• Information supplied:
Segment Open
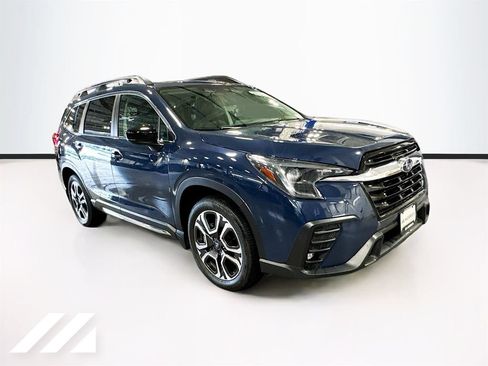 Used 2024 Subaru Ascent Limited w/ Technology Package AWD/4WD image 3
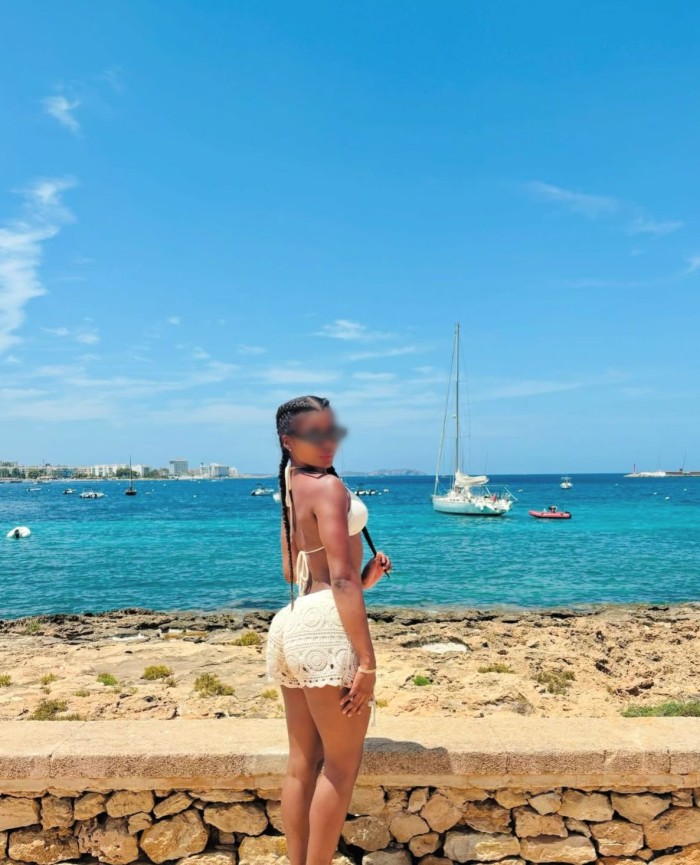 LATINA MORBOSA Y CALIENTE LISTA PARA ATENDERTE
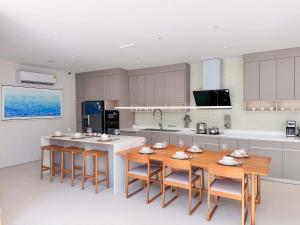 Η κουζίνα ή μικρή κουζίνα στο Luxpride 3BR near laguna friendly villa with Garden&pool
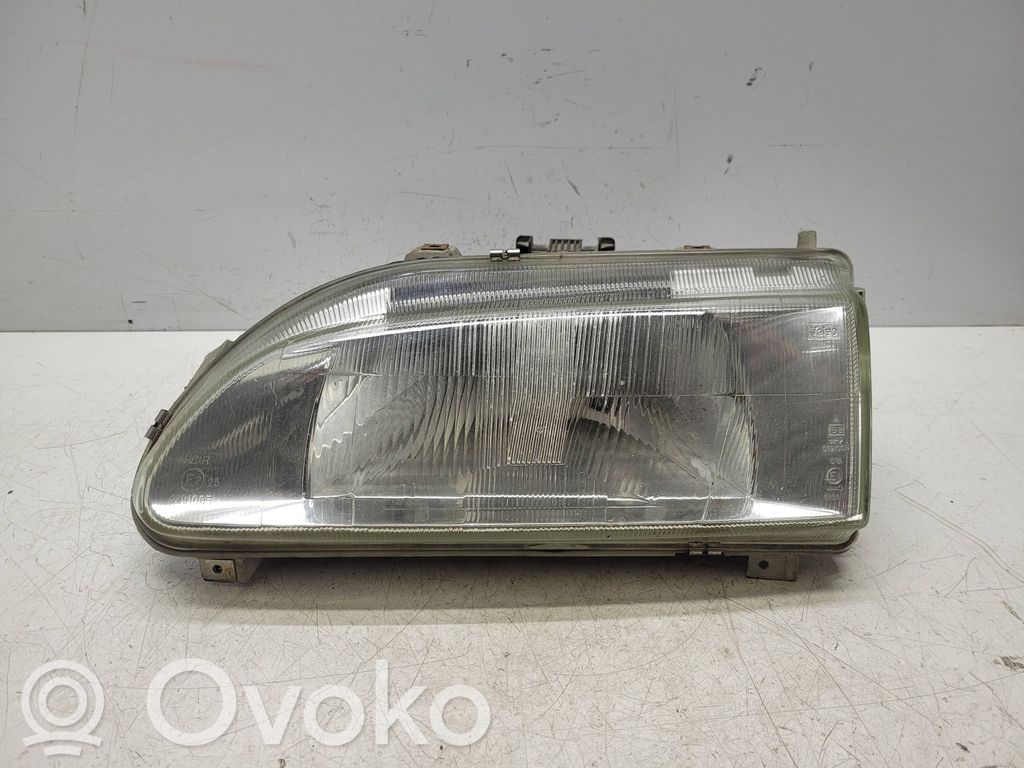 Renault 19 Headlight/headlamp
Segment Closed
• Your assignment: Return the complete material exactly as it appears, without images.

• Answer area:
 Used 2024 Subaru Ascent Limited w/ Technology Package AWD/4WD image 3
 LATINA MORBOSA Y CALIENTE LISTA PARA ATENDERTE
 Η κουζίνα ή μικρή κουζίνα στο Luxpride 3BR near laguna friendly villa with Garden&pool
 Renault 19 Headlight/headlamp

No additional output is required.